First, it requires little scientific background to realize that any trend between sodium and health cannot be linear. Humans require dietary sodium in order to live, so there is a low level at which health does not improve, but becomes worse. In fact, researchers have pointed to this sub-optimal level of sodium intake as a possible reason for why several large population studies have found that groups with extremely low sodium intake are more likely to die (they also found higher risk of mortality at the extreme upper end).
Furthermore, the research the BMJ study’s authors relied upon likely had skewed results because of the types of people on which they were based. As noted in our study and elsewhere, not everyone responds the same way to increases and decreases in dietary sodium. As Niels Graudal (a Camp 2 researcher) pointed out in commentary on the BMJ article, randomized control trials—the gold-standard of biomedical research—“have documented that there is no effect of blood pressure reduction on health outcomes in normotensives individuals.”
Salt’s role in hypertension and other aspects of human health is far from settled. That does not mean that for some people sodium reduction won’t help, but it does indicate that neither population-wide recommendations nor “soft regulation” of sodium are warranted by the existing evidence.

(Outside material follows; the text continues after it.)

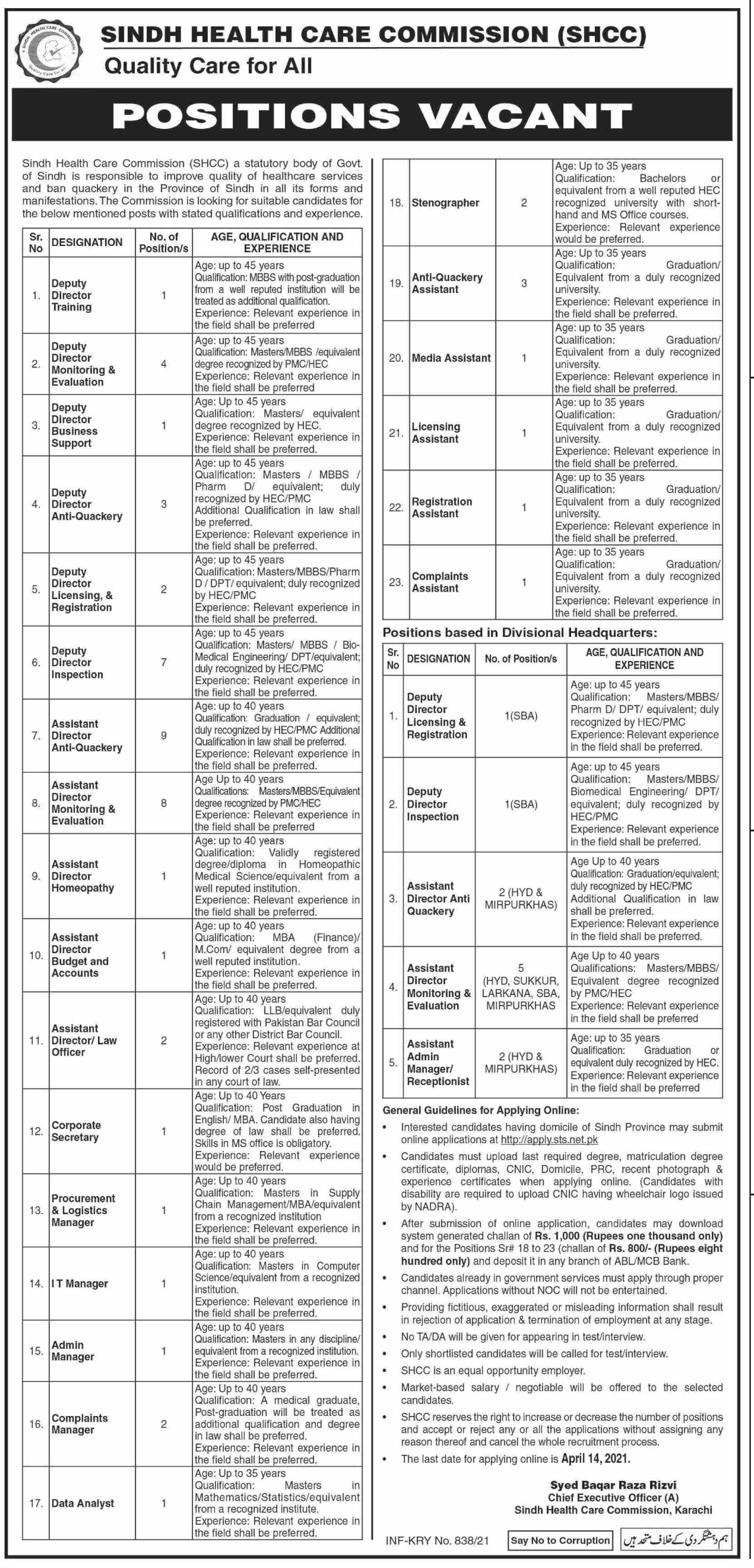 Sindh Health Care Commission Jobs 2021 March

For the past four decades, health agencies have been pushing us to consume less sodium, even as Americans—and the rest of the world—have continued to consume roughly the same amount of sodium. This is despite the fact that processed foods have become saltier and we eat more processed foods as a culture. That said, the prevalence of hypertension has increased over the last two decades. These facts should prompt researchers to ask why this is the case, and to investigate other possible causes and solutions to hypertension.

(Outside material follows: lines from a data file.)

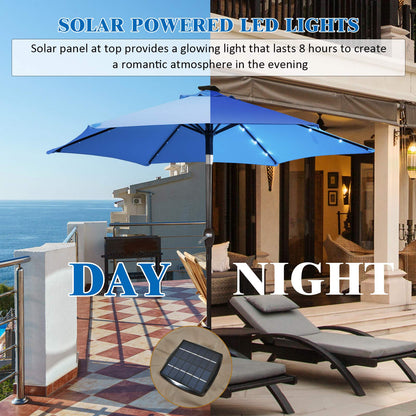 2.7m 18 Solar Powered LED Lights Patio Umbrella with Tilt and Crank Handle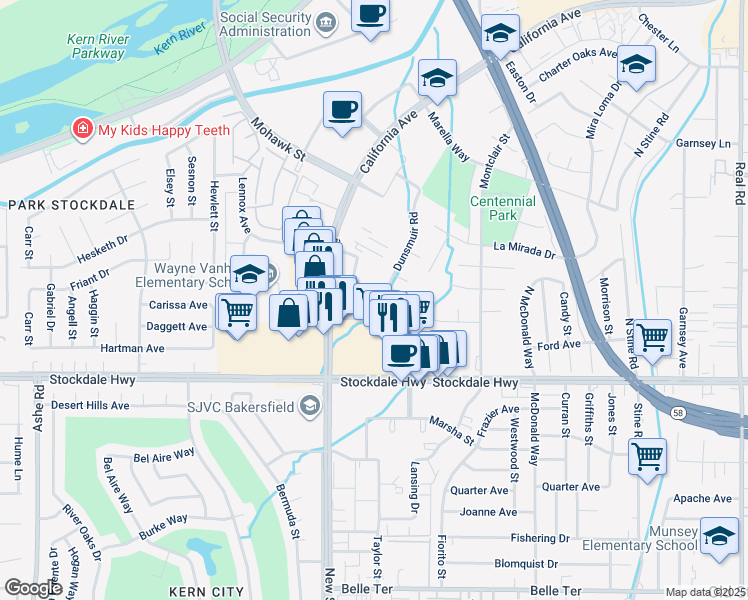 map of restaurants, bars, coffee shops, grocery stores, and more near 5555 Business Park South in Bakersfield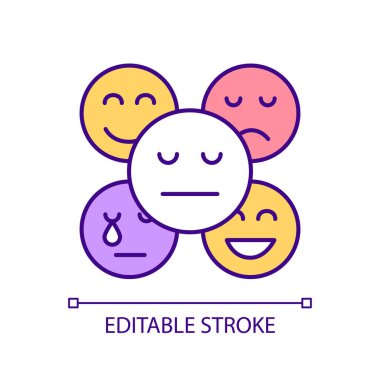 Eş-bağımlı ilişkiyi, izole edilmiş vektörü, çok renkli ince çizgi illüstrasyonunu temsil eden 2B düzenlenebilir empati simgesi eksikliği.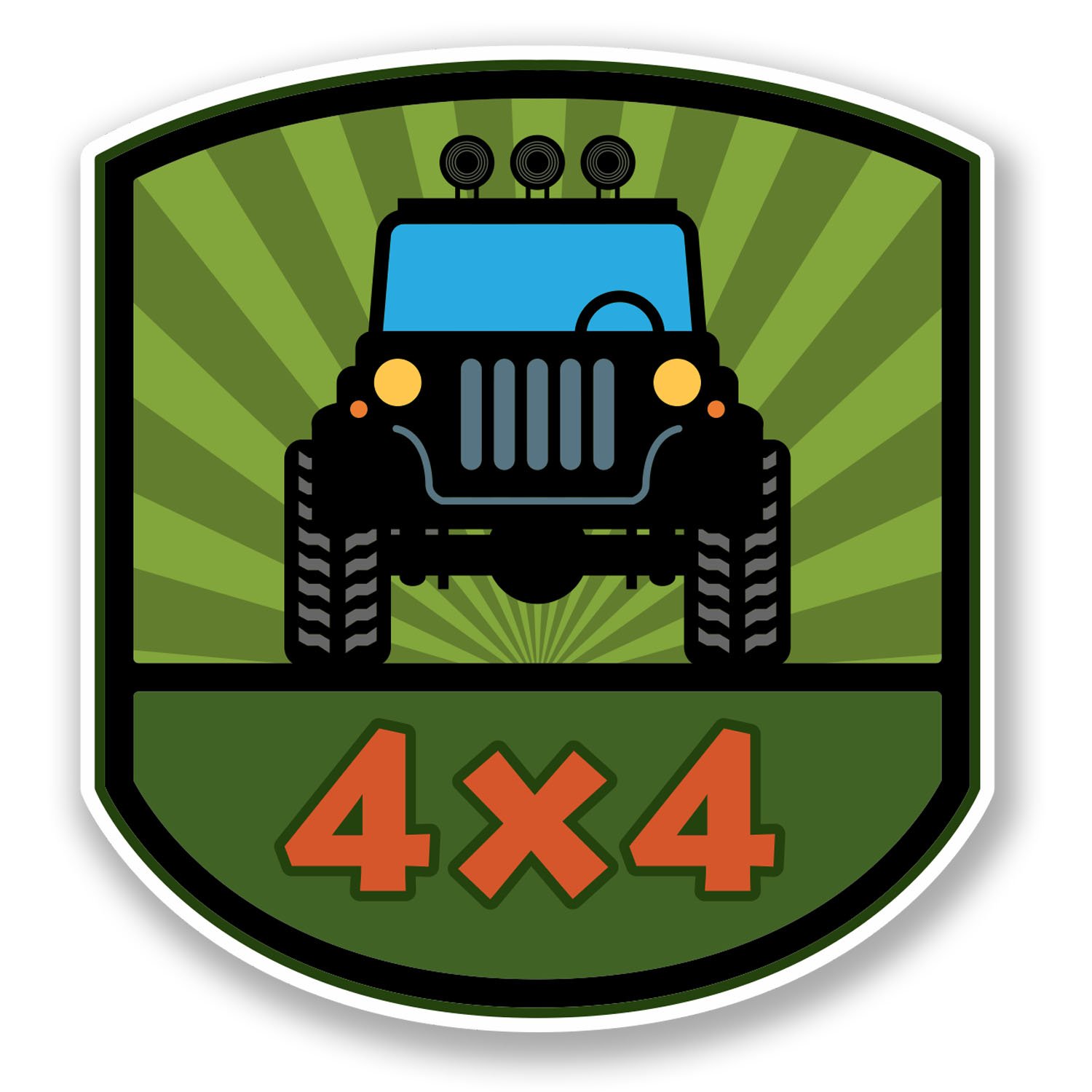 Destinationvinyl Multi 2 X 4X4 Vinyl Stickers - Laptop Car Off-Road Sticker Decal #4491 (9.3Cm Wide X 10Cm Tall)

Unfortunately, it seems no amount of evidence will stop those who cling to the old dogma. As researcher Sandro Galea put it: “We pay quite a bit of attention to financial bias in our work … we seldom pay attention, however, to how long-held beliefs bias the questions we ask and the results we publish, even as new data become available.”
But don’t take my word for it. If CEI’s study proves anything, it’s that health decisions are intensely personal, that no solution works best for everyone, and that individuals must decide and test for themselves what health advice is most likely to benefit them.